• **Directions for this task**
Once you reach the line containing "ライオンズフォーシア清澄白河(ワンルーム/3階)の間取り写真" in the entries below, write out that line and each one after it down to the line containing "Bàn phím laptop", exactly and with nothing added.

══════════════════════════════

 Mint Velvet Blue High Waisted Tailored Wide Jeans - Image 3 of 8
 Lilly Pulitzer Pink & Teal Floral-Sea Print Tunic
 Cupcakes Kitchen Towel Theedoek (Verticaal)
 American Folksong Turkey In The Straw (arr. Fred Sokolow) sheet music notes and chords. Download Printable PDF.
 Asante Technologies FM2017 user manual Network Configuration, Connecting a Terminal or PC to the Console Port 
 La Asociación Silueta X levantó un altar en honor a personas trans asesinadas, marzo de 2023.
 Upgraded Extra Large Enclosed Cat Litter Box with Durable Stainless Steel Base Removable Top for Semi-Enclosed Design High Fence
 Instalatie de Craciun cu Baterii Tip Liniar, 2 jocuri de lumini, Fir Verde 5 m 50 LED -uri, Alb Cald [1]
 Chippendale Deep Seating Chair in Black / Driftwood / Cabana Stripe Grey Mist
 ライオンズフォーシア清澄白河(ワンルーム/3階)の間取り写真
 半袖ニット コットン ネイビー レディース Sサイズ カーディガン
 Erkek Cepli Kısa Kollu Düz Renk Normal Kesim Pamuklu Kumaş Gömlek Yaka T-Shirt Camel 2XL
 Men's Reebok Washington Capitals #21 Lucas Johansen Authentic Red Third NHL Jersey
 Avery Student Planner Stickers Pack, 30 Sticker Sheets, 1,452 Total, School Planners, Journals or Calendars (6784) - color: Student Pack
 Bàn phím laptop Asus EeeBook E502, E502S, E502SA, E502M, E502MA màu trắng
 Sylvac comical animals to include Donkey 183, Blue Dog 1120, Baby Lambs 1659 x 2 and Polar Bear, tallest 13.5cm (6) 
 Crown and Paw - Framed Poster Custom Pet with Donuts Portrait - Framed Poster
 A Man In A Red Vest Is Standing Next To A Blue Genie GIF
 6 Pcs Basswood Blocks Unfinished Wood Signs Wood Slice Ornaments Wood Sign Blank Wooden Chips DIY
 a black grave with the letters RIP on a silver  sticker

══════════════════════════════

• **Answer box**
 ライオンズフォーシア清澄白河(ワンルーム/3階)の間取り写真
 半袖ニット コットン ネイビー レディース Sサイズ カーディガン
 Erkek Cepli Kısa Kollu Düz Renk Normal Kesim Pamuklu Kumaş Gömlek Yaka T-Shirt Camel 2XL
 Men's Reebok Washington Capitals #21 Lucas Johansen Authentic Red Third NHL Jersey
 Avery Student Planner Stickers Pack, 30 Sticker Sheets, 1,452 Total, School Planners, Journals or Calendars (6784) - color: Student Pack
 Bàn phím laptop Asus EeeBook E502, E502S, E502SA, E502M, E502MA màu trắng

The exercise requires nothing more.